We had just left Cane’s with our lunch and were driving away when I hear this from the backseat:
Haylen – “Mommy, I want to go to the little devil place.”
Me – Did you just say you want to go to the little devil place???
Haylen – Yeah!  They have beans, and tacos, and rice, and chips!!!
Oh, Torchy’s, apparently you’ve won our daughter’s heart.  For a split second I was a little curious about where exactly she wanted to go…


Saturday, December 20, 2014

Clean-up on Aisle 6

Last Tuesday, the girls and I ventured out to the grocery store to pick up some much needed supplies for dinner.  It was just your everyday run of the mill shopping trip until we hit the dairy aisle.  It was there that my sweet, laid back, I don’t just cry for the heck of crying, youngest child started to fuss.  As I leaned over the edge of the shopping cart to grab her binky, I smelled it.  Yup.  She pooped her pants. 

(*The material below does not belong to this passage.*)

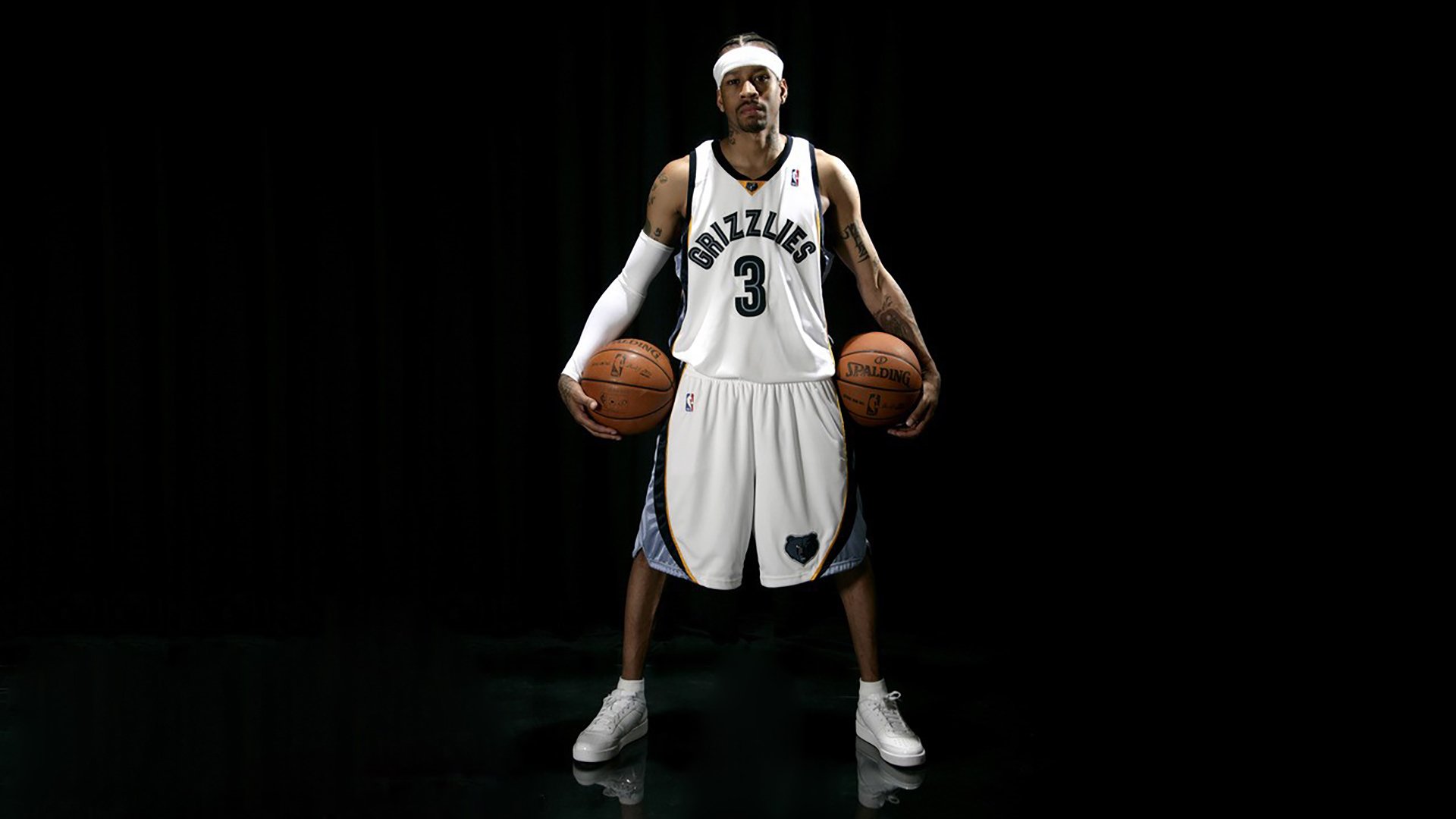 银发骑行团“百公里纪念骑” 集体合影留念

Now for those of you who know, or have met, our sweet baby Hollyn, you’re probably cracking up right about now because you know exactly where this story is headed.  For those of you who are not familiar with our child, please let me explain.  You see, Hollyn really dislikes…okay, dislikes doesn’t even do it justice…hates…well, hates may not even be a strong enough word…the child despises a dirty diaper.  Ha!  I wish I could call every diaper I change dirty!  By the way she lets you know about it, you’d think that diaper couldn’t possibly hold anymore.  Nope.  Wrong.  The slightest smear or smidgen of poo will send her over the edge.  Now as soon as you change her she’s happy as a clam…that is until she decides she really wasn’t finished, she just needed a clean diaper to dirty up again. 

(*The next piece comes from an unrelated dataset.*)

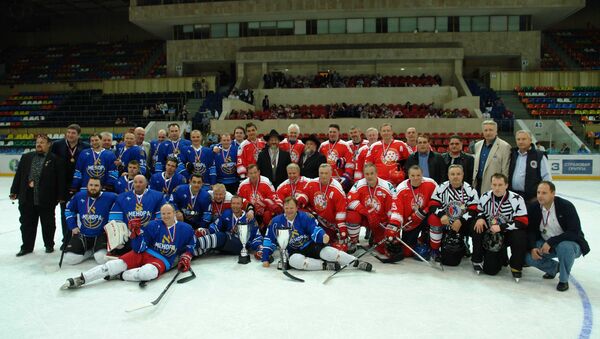 Участники товарищеского матча команды Легенды хоккея и еврейского клуба Менора, архивное фото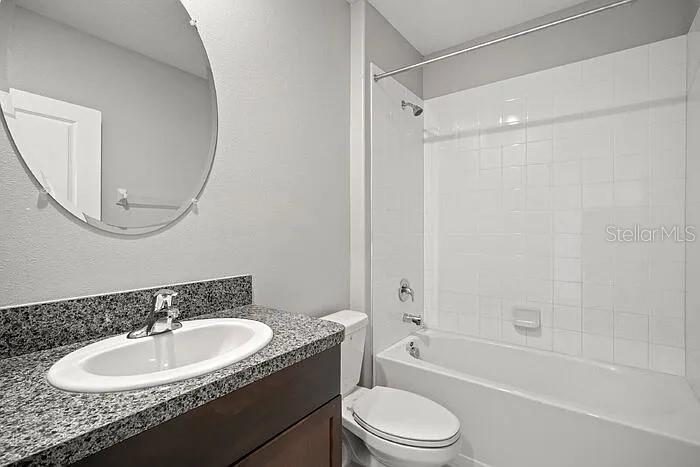 16649 Carlton Pond St Property Photo 10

Now back to the story at hand.  By the whiff I smelled, I knew that there was more than a smidge of poo in that diaper and knowing my child we could very well reach a nuclear meltdown of epic proportions if the situation was not handled carefully and soon.  I tried to quiet her with her binky to buy a little more time but to no avail.  As I’m trying to steer the cart, attempting to hold her binky in her mouth and weigh my options all at the same time, I realize that I can’t go to the restroom to change her with my basket full, and there was no way she was gonna make it through checking out without causing quite the scene, not to mention I wasn’t done shopping yet!  So I made the executive decision to go ahead and change her on the least busy aisle I could possibly find.  Don’t judge.  Desperate times call for desperate measures.

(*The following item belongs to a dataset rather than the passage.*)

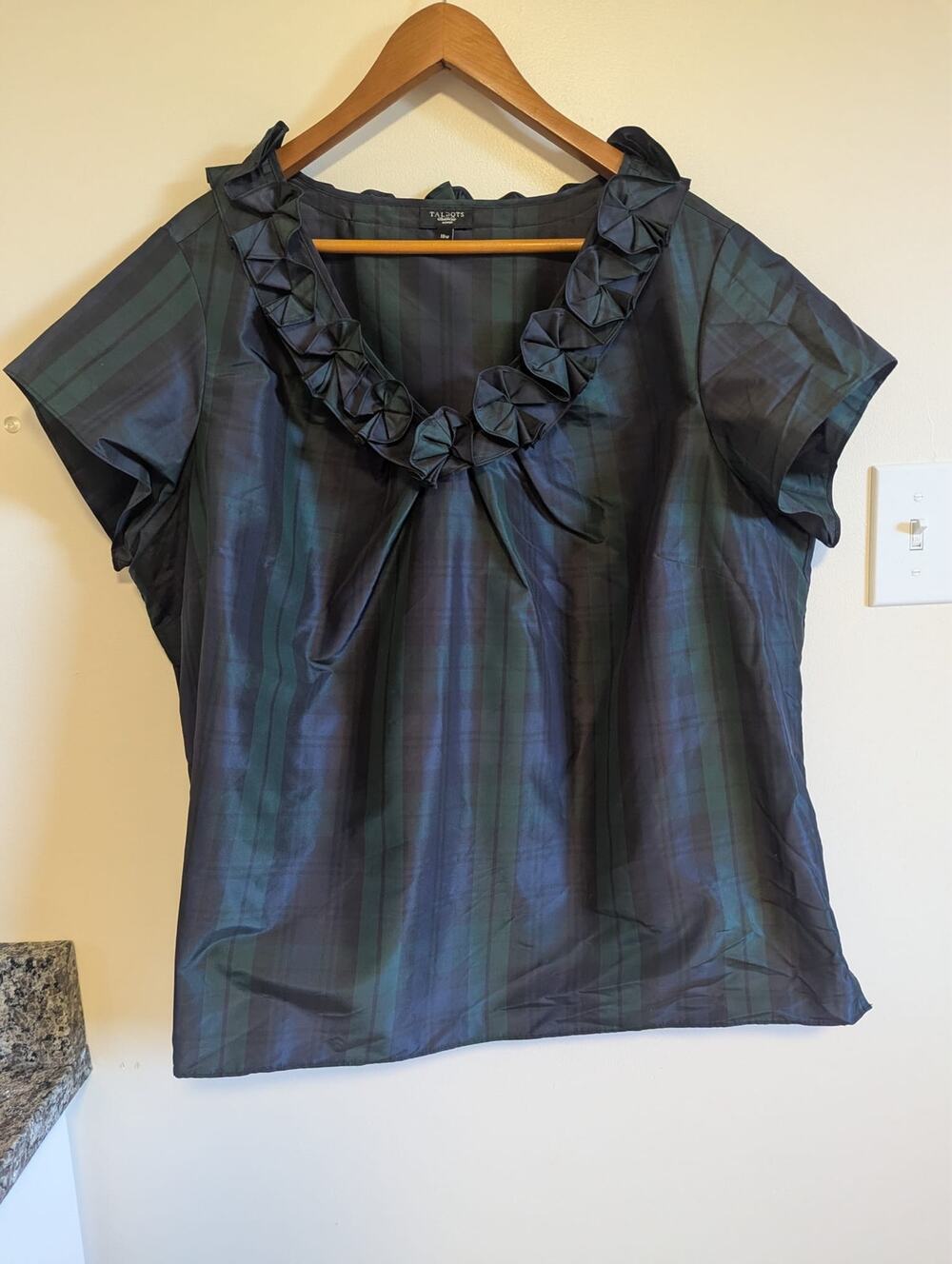Talbots 100% Silk Blouse Plus Size Tarton Plaid Green Festive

Well, the makeup aisle was pretty deserted so I figured that was about as good a spot as any.  (A quick little side story here:  Before going to the grocery store, I told Haylen that we could look for some Christmas nail polish.  Looking back now, I probably shouldn’t have done that.)  So, while I’m attempting to change the diaper of a wiggling and wailing child who is about as feisty as feisty comes, Haylen is picking up nail polishes at breakneck speed trying to show me each of them and excitedly saying, “Is this a good Christmas color?  What about this one?  Mommy. MOMMY!  What about this one???”  So, as I’m trying not to get poop everywhere or have little bit decide that maybe she wasn’t done yet and blast me with another round (I say this from experience), I’m also praying that our oldest doesn’t drop the cherry red GLASS nail polish bottles she keeps picking up at breakneck speed to show me.  Trust me, I had quite the three ring circus going on.  In the middle of our little escapade, a college aged girl walks down the aisle.  Once she realizes the crazyness she just walked up on, I notice she tries her best not to look and makes her way through the aisle pretty darn quickly (I’m like 90% sure she decided to forego whatever it was she needed on this aisle).  But honestly, who could blame her!  We must have looked like quite the spectacle! 

Now I have to say that in the moment, I was a little mortified to be changing my baby girl in the middle of the makeup aisle, but I got over it pretty quickly.  As a mom, sometimes you just gotta do what you gotta do, and if that means changing your daughter in a carseat that is sitting in a shopping cart in the middle of the makeup aisle, so be it.  By the way, let me tell you that is no easy feat, those changing conditions were less than ideal.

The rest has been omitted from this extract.